Update on "Co-authored-by: Copilot" in commit messages

· devtools · Source ↗

TLDR

  • VS Code silently added Co-authored-by: Copilot copilot@github.com to commits by default in 1.117, hit a bug attributing non-Copilot code, and is reverting to opt-in in 1.119.

Key Takeaways

  • git.addAICoAuthor setting shipped with default off, was flipped to all in 1.117 (rolled out 4/22), then walked back to chatAndAgent in 1.118 after a bug caused attribution even when disableAIFeatures was enabled.
  • 1.119 (rollout 5/6) restores default to off and hard-disables attribution when disableAIFeatures is true, regardless of git.addAICoAuthor value.
  • Future design will require explicit user consent before any commit trailer is added, no matter the setting default.
  • Microsoft is considering replacing Co-authored-by with assisted-by attribution and adding specific model information (e.g. per issue #297353).

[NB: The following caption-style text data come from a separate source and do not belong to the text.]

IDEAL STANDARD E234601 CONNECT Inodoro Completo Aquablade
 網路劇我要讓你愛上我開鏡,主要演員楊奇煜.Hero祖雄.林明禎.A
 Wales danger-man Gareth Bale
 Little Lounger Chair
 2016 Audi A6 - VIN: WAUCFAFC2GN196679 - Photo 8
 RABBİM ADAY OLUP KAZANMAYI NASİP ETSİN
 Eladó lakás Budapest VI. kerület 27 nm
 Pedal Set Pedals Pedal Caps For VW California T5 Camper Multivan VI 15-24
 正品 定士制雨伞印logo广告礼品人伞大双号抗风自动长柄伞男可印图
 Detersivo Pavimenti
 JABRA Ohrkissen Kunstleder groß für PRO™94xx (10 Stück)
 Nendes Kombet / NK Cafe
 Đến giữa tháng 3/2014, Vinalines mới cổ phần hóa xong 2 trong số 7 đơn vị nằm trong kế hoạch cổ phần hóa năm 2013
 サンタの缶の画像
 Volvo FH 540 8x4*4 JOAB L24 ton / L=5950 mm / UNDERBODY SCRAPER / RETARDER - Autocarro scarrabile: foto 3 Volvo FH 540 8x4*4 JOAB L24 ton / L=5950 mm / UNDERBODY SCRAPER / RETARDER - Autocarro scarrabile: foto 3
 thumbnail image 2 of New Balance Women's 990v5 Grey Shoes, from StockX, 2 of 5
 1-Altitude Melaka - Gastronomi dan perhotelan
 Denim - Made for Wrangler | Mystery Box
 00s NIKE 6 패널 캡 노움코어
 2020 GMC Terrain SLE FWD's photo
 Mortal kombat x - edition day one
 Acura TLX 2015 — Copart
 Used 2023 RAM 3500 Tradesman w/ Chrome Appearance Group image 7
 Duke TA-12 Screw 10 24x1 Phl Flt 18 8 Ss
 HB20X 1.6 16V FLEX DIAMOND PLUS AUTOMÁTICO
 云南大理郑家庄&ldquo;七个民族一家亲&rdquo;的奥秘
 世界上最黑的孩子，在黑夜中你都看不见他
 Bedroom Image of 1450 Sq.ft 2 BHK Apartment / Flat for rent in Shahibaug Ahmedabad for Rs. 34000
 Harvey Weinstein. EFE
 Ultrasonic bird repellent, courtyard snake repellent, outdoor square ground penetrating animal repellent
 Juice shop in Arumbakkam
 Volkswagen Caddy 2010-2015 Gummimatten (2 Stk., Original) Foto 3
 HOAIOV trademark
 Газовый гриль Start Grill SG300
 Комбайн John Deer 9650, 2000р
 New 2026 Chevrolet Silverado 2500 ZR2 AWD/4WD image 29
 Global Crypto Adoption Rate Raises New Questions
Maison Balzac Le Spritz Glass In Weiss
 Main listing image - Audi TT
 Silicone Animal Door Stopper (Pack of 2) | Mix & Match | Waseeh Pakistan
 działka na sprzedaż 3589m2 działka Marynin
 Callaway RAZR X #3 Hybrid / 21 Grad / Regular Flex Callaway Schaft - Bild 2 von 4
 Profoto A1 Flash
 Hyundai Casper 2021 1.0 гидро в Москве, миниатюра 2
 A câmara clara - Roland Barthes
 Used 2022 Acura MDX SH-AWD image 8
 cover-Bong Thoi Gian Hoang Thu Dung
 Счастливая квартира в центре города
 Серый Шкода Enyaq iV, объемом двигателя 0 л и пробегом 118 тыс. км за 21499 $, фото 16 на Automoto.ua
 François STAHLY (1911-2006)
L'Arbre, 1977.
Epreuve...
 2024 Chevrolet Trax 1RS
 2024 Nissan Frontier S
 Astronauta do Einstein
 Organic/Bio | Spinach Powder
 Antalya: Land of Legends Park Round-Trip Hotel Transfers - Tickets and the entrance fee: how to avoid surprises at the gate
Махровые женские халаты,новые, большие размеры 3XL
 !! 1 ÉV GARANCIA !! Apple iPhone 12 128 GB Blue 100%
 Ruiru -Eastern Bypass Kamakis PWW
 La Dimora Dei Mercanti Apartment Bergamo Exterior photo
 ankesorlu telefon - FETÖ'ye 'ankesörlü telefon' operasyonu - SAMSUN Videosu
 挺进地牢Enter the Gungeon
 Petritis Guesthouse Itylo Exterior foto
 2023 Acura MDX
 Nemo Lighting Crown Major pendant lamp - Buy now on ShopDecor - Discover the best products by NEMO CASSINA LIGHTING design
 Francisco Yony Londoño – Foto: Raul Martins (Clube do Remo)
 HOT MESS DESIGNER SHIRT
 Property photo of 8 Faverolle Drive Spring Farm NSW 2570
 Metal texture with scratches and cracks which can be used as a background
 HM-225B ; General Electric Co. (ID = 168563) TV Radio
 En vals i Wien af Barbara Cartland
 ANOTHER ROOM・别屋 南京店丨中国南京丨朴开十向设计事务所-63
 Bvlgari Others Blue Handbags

Hacker News Comment Review

  • Commenters are split: some see AI commit attribution as unwanted corporate branding imposed on repos, others argue it serves legitimate provenance and audit needs.
  • A practical alternative surfaced: using user.name to store model names (e.g. gpt-5.5-high) per commit enables per-line blame filtering without trailer pollution.

Notable Comments

  • @est: Uses user.name set to model name per commit for blame-level AI attribution without touching commit trailers.
  • @peyton: Frames the trailer as “today’s Intel Inside sticker” – unsolicited branding, not meaningful authorship.